OSTATNI POST Z POPRZEDNIEJ STRONY:
Białe, puste ślepia wpatrywały się w bliżej nieokreślony punkt na horyzoncie, nad głową Sombre. Aluzja wydawała się jakby nieobecna, chociaż wszystko słyszała. Orlica siedziała po jej prawicy.– Nie ze wszystkimi. Niektóre znają naszą mowę i można spróbować się z nimi porozumieć. Co do nastawienia, z tym jezt różnie. Elfy są raczej przyjazne, entowie neutralnie, ogry i skaveni negatywnie. Bać należy się z pewnością wszystkich. Nigdy nikogo nie lekceważ. Jeden zły krok i momentalnie każdy może się stać wrogiem. Więc uważaj na wszystkich, ak będzie najrozsądniej – wytłumaczyła, biorąc głębszy wdech. Trochę przywykła do ślepoty, ale nadal nie można było powiedzieć, że potrafi z tym normalnie żyć i funkcjonować.

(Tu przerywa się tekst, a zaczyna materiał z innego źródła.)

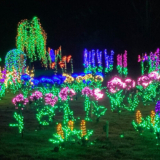 GPOD on the Road: Garden d’Lights at Bellevue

– Dość spora. Jest wiele istot rozumnych, więc zawsze jest ryzyko, że na coś się natkniesz. Jednak niektóre występują liczniej, inne rzadziej. Wszystko zależy od tego, gdzie obecnie jesteś. Ale przechodząc dalej. Drzewa i krzewy owocowe, często spotkasz je na polowaniach. Brzoskwinie, duże, soczyste, koloru czerwono-żółtego, z dużą pestką w środku. Czereśnie, małe, czerwone, również z pestką, grusze, dzikie jabłonie, morele. Te ostatnie są mniejsze od brzoskwiń, o bladopomarańczowej skórce. Poza tym są nektarynki, podobne do brzoskwiń, ale nieco od nich twardsze. Nie mniej jednak łatwo je ze sobą pomylić. Śliwki, czarne lub ciemnofioletowe, w środku żółte lub zielonkawe, zależnie od tego jak bardzo dojrzały. Ostatnim drzewkiem owocowym jest wiśnia. Podobne do czereśni, jednak inaczej smakują i są bardziej... Matowe? Nie wiem, jak dokładnie to określić. Jeśli chodzi o krzewy to możesz natknąć się na agrest. To niewielkie, zielone owoce, stosunkowo kwaśne, pokryte małymi, jadalnymi... Włoskami, że tak powiem. Jagody również są małe, czarne lub fioletowe, o słodkim smaku. Jeżyny, podobne do malin, ale czarne, twarde i kwaśne. Melony są z kolei dość spore i twarde, mają grubą skórę. Poziomki to malutkie owoce, czerwone z żółtymi, małymi kropkami. Nie wiem, jak dokładnie to się nazywa. A truskawki to po prostu większe, słodsze wersje kwaśnych poziomek – kolejna porcja wiedzy, potrzebnej, wbrew temu co można myśleć. Kolejna pora na ewentualne pytania.